The New Inn, where the only viands were eggs and bacon, echoed hollow and empty to our footfall, and looked somewhat desolate. But we found in that grassy court-yard a spring of excellent water, which on a coast where good water is scarce gave us no little satisfaction.
Having no desire to see more of the saltmarsh, I resolved on continuing my walk by a road within the sea-wall.........to get as far as I could on the way to Cleethorpes by eventide.
The road soon led me into rural scenes, where the only signs of the sea are occasional glimpses of a shaggy sand-hill or of the distant level of the sea-wall: where you meet bright red carts, or black carts with bright red wheels, and wagons which exhibit on their yellow front three oval shields bearing the name and address of the owner and maker: where the rick-thatch is kept from blowing away by a number of cords thrown across weighted at each end with a brick, and the stacks look curious with a row of bricks dangling on each side; and where rustic damsels shout to the loiterer of their party, "Naw then, ur ye coomin' hoam? ye silly-lookin' mawkin."
So to North Somercotes, where "ye want to goo by that guide-post, and thruff the ma'shes by the fut-road," informed me at once as to the route to Grainthorpe, and as to a way of pronouncing through which I had never before heard. "Thruff the ma'shes," for through the marshes, might make once fancy that Anglo-Saxon churls are not yet extinct.
From Grainthorpe onwards my view was spoiled by heavy driving rain, which made the landscape look very dreary, and prepared me to appreciate the kitchen fire of the Crown and Anchor at Tetney Lock, where I arrived wet and cold an hour before sunset. The house is one of half a dozen situate a mile from the haven on the canal by which Louth communicates with the sea, and is frequented by boatmen and rustics, in whose talk a curious stranger will discover evidence of nearness to Yorkshire, and somewhat of local peculiarity. To lie is to lig: "She'll lig there a month," said a tough old fellow, speaking of his boat, "now that I hev hugged all the coal mysen;" meaning that he had carried it ashore on his own back. .....................
The country hereabouts is parcelled into numerous small holdings, and population is pretty thickly sprinkled, and cottages extend so far along the road, that it is not easy to tell where one village ends and the other begins.
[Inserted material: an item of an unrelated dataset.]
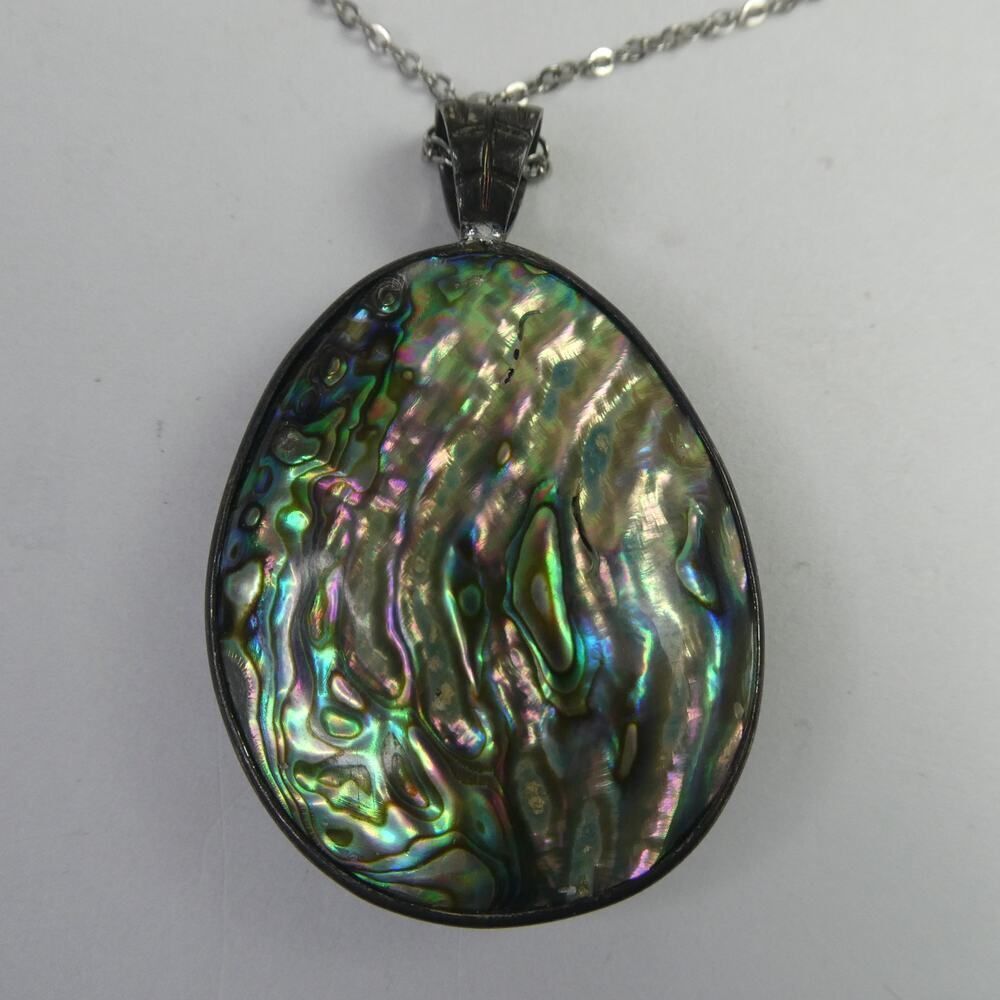 Reversible Double Sided Abalone Shell Oval Egg Pe… - image 5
Some of the company boasted that the best feeding land in all Lincolnshire lay between Saltfleet and Grimsby. ........... It gladdened me to hear how the party warmed with their talk, and to observe how thoroughly they appreciated the advantage of living in a district where "a man could do some good for hisself with a bit o' land, and happen pay for moor 'n half on't with his fust 'ear's crop." The good old times when every rood of ground maintained its man, could hardly have been better. "They wuzzent so good," answered one of the men to whom I addressed the remark," 't wuzzent so easy to get 'ur crops to markut in them owd times. There wuzzent no railway 'ithin four or five mile on us uz there is now."
Tetney Lock is two miles from a church. "At winter time," said the hostess, "a clergyman comes here and preaches in the watch-house."
What a delightful morning saluted me when I looked forth on the morrow; and what a sense of freedom there was in the broad pastures across which runs the footway to Cleethorpes! How delightfully fresh and green the grass looked after the rain; and the air had that quickening influence which makes a wayfarer sing. With leagues of 'feeding land' far outspread, on which, sheep and cattle apart, nothing but a stripe of hedgerow, a shepherd's shed and three trees, there was full play for the sense of freedom. On I walked, crossing from pasture to pasture by the foot-bridges, while the tops of white sails appearing above the level bank a mile or two distant on the right, showed that I was not far from the northern limit of my journey. ..................
From the broad pastures the path led me to the bank, whence I looked upon the mighty Humber. There, far across the green expanse, I saw the tall red lighthouse of the Spurn; the distant lightship; the low wooded shores of Holderness, and all that interesting region .............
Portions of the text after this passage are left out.